According to Sludge, near the end of 2021, at least 11 senators and 36 representatives held somewhere between $2-6.7 million in the top 100 defense contractors. In financial disclosures for Congress’ investments, the exact numbers are not given, the reason for such a large range. 

As the war in Ukraine was approaching its opening, many of our representatives were set up to profit from the event. Last May, Congress approved a $40 billion defense package to Ukraine; our elected officials were more than prepared, to say the least. 

Rep. John Rutherford, R-FL invested up to $15,000 in Raytheon on Feb. 24, 2022, the day Russia invaded Ukraine. Rep. Marjorie Taylor Greene, R-GA bought up to $15,000 in Lockheed on Feb. 22, 2022. Rep Lois Frankel, D-FL sold up to $15,000 of Lockheed stock in January, still retaining more shares, while Rep. Diana Harshbarger, R-TN and her spouse made three trades of Lockheed shares valued up to $15,000 each that month as well. 

Sen. Deb Fischer, R-NV inherited between $50,001 and $100,000 in Lockheed shares on Dec. 26, 2021. Sen John Hickenlooper, D-CO possessed between $100,000 – $250,000 in Raytheon stock. Sen. Sheldon Whitehouse, D-RI held shares in both Lockheed and United Technologies, which was acquired by Raytheon. Sen Shelley Moore Capito, R-WV held up to $15,000 in Lockheed shares. Sen. Gary Peter, D-MI possessed up to $15,000 Raytheon as well. 

And the list goes on. What’s most troubling is that multiple lawmakers with holdings in the defense industry also sit on subcommittees. Sen. Peters is on the Committee on Homeland Security, Sen. Fischer serves on the Senate Armed Forces Subcommittee and Rep. Rutherford has a seat on the House Appropriations Committee, which is in charge of federal spending. 

Through giving aid to foreign armies and involving ourselves in conflicts worldwide, our politicians and the upper class are able to live more than comfortably through the returns they receive through stocks, among other methods, which they are led to invest in due to their knowledge of military plans and contracts down the line.

We have continually seen throughout American history how eager we are to ramp up our industry, get involved in matters halfway across the world, and then a small populationally unrepresentative group reaps the economic benefits. 

This is not an under-the-radar issue; there are laws and regulations surrounding the owning of stocks by Congress. Clearly they are not working. Now, the idea that our elected officials should not be able to invest in stocks at all is being bounced around.

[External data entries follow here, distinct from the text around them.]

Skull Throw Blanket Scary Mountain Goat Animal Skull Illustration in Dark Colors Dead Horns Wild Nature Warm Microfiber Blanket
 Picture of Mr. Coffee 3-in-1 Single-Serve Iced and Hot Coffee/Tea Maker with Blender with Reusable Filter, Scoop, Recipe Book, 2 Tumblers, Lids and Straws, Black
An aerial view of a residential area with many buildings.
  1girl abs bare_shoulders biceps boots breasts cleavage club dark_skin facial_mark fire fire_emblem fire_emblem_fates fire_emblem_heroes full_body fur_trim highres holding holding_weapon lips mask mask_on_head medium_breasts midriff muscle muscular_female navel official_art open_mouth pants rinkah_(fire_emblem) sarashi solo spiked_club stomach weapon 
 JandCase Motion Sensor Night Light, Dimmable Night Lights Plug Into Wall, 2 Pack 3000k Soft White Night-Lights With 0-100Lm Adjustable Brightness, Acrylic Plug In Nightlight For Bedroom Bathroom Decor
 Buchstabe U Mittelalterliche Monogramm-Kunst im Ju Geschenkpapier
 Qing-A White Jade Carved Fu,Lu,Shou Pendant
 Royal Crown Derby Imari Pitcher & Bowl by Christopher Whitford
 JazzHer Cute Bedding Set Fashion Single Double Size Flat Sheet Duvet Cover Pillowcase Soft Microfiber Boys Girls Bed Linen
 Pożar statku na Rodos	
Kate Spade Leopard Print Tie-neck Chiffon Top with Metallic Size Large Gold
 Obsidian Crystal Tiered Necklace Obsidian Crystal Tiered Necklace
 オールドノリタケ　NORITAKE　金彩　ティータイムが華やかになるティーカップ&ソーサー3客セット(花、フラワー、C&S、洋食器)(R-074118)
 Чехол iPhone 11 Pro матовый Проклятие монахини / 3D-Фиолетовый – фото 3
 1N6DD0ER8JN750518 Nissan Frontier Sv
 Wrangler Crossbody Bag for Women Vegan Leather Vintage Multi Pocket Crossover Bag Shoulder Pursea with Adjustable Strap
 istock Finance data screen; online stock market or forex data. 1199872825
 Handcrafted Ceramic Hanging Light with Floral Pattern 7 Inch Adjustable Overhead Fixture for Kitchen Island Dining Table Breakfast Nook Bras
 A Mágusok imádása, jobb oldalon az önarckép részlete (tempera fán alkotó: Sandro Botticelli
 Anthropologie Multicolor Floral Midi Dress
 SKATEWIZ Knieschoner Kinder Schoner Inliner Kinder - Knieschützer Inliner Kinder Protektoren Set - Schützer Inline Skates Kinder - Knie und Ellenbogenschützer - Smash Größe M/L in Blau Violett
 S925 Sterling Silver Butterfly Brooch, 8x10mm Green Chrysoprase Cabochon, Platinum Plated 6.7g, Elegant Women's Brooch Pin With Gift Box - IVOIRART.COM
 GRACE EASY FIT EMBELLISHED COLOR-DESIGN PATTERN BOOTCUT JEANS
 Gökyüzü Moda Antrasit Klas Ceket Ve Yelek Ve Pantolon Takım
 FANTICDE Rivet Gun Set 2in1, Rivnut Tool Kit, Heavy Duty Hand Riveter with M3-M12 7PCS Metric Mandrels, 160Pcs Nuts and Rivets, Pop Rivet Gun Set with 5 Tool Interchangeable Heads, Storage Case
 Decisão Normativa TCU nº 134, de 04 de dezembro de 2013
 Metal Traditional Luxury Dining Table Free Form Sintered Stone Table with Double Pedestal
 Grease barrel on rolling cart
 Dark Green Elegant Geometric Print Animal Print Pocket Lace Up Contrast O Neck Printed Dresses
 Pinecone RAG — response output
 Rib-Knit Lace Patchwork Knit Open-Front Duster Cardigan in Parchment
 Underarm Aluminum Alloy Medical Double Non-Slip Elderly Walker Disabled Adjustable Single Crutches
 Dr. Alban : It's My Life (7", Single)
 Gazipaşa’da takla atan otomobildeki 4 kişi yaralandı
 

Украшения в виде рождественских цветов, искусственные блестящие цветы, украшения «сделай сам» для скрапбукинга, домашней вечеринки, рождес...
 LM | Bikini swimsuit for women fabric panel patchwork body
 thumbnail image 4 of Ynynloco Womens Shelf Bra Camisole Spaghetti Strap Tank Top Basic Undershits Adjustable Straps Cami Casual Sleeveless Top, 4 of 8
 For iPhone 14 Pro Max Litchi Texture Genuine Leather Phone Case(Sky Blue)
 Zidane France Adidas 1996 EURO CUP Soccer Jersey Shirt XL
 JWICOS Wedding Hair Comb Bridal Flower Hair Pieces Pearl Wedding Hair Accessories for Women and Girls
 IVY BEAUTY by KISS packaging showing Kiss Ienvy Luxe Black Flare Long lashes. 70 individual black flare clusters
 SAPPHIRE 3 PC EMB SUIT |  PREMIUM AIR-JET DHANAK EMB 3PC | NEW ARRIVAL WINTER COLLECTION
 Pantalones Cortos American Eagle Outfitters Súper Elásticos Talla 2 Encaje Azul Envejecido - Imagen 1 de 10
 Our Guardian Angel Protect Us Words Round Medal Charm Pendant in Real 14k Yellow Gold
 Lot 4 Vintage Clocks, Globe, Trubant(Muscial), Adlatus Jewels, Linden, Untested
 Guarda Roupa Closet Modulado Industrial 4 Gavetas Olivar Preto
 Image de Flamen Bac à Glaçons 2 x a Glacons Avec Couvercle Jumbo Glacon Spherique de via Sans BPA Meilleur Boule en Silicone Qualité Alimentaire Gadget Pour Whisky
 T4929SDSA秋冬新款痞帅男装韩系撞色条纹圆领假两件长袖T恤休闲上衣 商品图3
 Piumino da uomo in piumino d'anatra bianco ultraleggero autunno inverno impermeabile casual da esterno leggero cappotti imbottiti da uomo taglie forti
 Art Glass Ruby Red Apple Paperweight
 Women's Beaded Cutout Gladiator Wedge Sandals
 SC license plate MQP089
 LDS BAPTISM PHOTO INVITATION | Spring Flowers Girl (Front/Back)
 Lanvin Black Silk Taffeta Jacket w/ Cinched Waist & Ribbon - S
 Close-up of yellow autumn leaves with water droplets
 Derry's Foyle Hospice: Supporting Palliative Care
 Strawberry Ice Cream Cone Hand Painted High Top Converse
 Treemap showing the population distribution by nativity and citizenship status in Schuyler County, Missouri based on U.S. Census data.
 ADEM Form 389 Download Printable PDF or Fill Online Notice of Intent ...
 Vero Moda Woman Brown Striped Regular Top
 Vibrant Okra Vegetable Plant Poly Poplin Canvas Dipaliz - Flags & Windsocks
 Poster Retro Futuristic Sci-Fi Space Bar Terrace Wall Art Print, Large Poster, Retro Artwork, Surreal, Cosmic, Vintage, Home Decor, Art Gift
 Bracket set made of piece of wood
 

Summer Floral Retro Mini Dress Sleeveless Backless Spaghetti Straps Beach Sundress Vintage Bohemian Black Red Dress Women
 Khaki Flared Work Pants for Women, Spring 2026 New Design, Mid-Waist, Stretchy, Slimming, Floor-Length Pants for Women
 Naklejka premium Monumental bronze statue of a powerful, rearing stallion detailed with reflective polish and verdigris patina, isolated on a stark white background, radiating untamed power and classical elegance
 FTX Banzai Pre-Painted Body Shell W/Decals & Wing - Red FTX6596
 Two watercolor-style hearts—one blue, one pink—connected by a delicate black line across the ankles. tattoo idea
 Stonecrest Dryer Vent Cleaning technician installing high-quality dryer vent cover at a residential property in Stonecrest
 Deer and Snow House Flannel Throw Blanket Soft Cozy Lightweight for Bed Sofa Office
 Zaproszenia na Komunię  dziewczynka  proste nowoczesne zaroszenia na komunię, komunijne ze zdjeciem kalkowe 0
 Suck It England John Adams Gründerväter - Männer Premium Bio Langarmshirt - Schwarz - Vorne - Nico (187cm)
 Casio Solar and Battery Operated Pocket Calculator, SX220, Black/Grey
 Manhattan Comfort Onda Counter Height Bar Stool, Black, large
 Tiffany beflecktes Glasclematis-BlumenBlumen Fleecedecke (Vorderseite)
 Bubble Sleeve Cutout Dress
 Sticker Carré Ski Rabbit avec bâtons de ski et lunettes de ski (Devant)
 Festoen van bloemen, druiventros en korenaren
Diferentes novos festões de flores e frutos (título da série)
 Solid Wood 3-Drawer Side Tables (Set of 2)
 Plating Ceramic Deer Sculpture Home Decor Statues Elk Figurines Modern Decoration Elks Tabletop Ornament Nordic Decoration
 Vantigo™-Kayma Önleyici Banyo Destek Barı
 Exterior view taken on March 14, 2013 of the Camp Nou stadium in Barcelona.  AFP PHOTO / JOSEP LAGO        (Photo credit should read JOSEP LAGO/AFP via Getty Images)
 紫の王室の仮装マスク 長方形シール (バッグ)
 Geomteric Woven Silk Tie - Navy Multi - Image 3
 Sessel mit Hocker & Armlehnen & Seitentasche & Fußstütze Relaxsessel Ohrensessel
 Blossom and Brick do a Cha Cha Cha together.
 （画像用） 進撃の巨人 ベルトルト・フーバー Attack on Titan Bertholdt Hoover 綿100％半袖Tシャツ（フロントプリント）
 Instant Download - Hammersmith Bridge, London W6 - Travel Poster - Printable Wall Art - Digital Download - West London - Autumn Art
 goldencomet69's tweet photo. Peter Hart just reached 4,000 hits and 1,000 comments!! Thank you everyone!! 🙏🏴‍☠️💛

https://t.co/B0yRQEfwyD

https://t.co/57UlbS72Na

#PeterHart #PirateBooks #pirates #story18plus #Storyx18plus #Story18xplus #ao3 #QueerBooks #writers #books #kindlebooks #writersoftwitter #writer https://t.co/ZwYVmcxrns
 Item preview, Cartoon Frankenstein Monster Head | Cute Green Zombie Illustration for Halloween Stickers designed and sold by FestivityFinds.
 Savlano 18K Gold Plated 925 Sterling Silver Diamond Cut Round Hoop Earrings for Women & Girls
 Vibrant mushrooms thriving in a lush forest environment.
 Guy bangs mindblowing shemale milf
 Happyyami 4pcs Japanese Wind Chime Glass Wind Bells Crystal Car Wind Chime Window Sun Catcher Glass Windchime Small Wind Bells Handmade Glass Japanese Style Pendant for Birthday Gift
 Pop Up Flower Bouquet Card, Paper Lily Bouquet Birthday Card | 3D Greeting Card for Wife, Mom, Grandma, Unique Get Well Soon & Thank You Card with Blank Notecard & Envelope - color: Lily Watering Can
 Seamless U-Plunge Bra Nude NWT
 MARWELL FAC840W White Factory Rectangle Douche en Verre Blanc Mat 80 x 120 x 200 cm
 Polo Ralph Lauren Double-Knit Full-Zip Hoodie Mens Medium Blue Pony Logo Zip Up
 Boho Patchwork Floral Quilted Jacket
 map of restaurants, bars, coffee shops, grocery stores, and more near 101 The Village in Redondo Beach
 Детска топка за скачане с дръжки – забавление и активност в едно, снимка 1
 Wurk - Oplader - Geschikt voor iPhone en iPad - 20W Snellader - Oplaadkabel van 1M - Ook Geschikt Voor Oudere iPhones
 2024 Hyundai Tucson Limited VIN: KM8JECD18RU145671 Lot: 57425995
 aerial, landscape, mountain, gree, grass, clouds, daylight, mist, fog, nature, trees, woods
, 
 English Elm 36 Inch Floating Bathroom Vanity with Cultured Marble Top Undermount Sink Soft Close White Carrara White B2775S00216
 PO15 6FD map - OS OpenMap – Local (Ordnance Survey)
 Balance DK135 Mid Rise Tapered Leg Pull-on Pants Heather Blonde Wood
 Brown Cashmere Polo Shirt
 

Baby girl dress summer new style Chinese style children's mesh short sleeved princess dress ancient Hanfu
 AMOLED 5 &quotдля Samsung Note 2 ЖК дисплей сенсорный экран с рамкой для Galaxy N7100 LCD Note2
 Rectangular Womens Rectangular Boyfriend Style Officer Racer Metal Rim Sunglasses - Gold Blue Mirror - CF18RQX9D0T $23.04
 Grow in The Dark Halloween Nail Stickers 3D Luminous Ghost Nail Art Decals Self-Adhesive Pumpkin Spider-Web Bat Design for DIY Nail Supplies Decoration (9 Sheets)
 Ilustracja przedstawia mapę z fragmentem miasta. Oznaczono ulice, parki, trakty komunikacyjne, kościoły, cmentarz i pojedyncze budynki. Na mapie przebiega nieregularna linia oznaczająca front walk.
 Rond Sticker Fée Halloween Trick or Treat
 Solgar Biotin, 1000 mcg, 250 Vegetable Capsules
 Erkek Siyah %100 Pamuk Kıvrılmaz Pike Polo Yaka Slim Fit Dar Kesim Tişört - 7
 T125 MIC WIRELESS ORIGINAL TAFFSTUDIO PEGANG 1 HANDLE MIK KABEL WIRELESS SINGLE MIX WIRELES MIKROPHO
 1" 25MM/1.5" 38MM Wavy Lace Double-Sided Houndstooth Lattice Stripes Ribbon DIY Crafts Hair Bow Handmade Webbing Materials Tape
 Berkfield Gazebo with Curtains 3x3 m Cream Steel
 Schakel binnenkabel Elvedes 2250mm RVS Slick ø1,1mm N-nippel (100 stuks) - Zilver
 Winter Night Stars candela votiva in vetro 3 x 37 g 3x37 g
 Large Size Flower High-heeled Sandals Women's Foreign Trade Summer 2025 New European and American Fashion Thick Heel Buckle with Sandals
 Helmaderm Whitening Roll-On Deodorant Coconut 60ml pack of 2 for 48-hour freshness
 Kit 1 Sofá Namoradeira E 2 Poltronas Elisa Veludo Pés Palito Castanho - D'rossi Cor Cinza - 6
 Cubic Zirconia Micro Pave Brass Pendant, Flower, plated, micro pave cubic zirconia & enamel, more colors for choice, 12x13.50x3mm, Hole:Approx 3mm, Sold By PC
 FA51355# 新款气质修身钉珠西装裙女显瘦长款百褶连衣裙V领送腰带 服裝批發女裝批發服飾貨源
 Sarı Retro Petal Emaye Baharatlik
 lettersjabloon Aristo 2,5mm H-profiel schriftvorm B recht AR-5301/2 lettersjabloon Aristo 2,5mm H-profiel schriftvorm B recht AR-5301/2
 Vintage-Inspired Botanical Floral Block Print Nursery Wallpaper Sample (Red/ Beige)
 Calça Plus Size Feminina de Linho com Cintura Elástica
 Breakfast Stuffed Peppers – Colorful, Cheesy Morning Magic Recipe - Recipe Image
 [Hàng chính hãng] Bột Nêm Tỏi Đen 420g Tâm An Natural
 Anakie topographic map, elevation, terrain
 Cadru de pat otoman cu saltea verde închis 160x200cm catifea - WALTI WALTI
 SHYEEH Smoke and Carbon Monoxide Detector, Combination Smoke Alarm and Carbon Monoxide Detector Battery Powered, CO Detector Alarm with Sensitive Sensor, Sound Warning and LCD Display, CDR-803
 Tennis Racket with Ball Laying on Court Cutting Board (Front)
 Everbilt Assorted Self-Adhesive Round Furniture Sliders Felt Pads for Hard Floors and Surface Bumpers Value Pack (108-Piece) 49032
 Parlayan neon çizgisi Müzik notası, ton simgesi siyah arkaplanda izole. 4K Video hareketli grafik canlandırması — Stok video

“Merchants of Death” is not a new term, but it is one that aptly describes these companies and, furthermore, these politicians. Their will to act like this behind the guise of financial wisdom and upward mobility through investing, while telling the populace that they are anti-war, is astounding and is the kind of boldfaced contradictions that have become all too common in our politics. 

The ability to make money directly off of the suffering and death of others seems like something straight out of a dystopian movie. Sadly, it is not fiction, but our reality in America.